Exercise directions
The lines below are to be quoted exactly, from the first through the one that contains "Great blue heron".

Brief descriptive captions
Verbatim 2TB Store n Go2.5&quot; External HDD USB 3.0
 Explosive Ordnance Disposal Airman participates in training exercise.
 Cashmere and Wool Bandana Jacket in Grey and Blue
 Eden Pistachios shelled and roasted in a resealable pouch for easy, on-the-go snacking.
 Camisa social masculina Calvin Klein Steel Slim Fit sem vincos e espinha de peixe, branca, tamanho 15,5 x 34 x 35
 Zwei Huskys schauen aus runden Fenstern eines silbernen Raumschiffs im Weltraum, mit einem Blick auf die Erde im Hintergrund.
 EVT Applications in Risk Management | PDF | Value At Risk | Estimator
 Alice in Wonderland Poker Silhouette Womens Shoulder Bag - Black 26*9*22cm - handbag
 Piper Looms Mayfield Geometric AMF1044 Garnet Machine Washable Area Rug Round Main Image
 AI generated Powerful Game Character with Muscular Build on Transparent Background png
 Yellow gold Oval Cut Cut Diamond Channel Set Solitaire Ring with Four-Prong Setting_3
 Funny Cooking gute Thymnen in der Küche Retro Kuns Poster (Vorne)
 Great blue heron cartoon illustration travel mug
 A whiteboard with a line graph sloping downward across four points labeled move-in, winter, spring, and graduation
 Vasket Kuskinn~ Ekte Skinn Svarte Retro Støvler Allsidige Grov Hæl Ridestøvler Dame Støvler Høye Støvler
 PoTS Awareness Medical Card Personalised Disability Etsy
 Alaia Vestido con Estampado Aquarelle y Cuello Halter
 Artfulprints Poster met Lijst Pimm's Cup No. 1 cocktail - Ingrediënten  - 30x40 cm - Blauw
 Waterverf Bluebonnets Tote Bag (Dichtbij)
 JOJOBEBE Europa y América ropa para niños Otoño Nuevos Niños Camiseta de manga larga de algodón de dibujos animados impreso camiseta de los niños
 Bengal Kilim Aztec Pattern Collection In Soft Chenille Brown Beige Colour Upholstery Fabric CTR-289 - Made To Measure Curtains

Final answer
Verbatim 2TB Store n Go2.5&quot; External HDD USB 3.0
 Explosive Ordnance Disposal Airman participates in training exercise.
 Cashmere and Wool Bandana Jacket in Grey and Blue
 Eden Pistachios shelled and roasted in a resealable pouch for easy, on-the-go snacking.
 Camisa social masculina Calvin Klein Steel Slim Fit sem vincos e espinha de peixe, branca, tamanho 15,5 x 34 x 35
 Zwei Huskys schauen aus runden Fenstern eines silbernen Raumschiffs im Weltraum, mit einem Blick auf die Erde im Hintergrund.
 EVT Applications in Risk Management | PDF | Value At Risk | Estimator
 Alice in Wonderland Poker Silhouette Womens Shoulder Bag - Black 26*9*22cm - handbag
 Piper Looms Mayfield Geometric AMF1044 Garnet Machine Washable Area Rug Round Main Image
 AI generated Powerful Game Character with Muscular Build on Transparent Background png
 Yellow gold Oval Cut Cut Diamond Channel Set Solitaire Ring with Four-Prong Setting_3
 Funny Cooking gute Thymnen in der Küche Retro Kuns Poster (Vorne)
 Great blue heron cartoon illustration travel mug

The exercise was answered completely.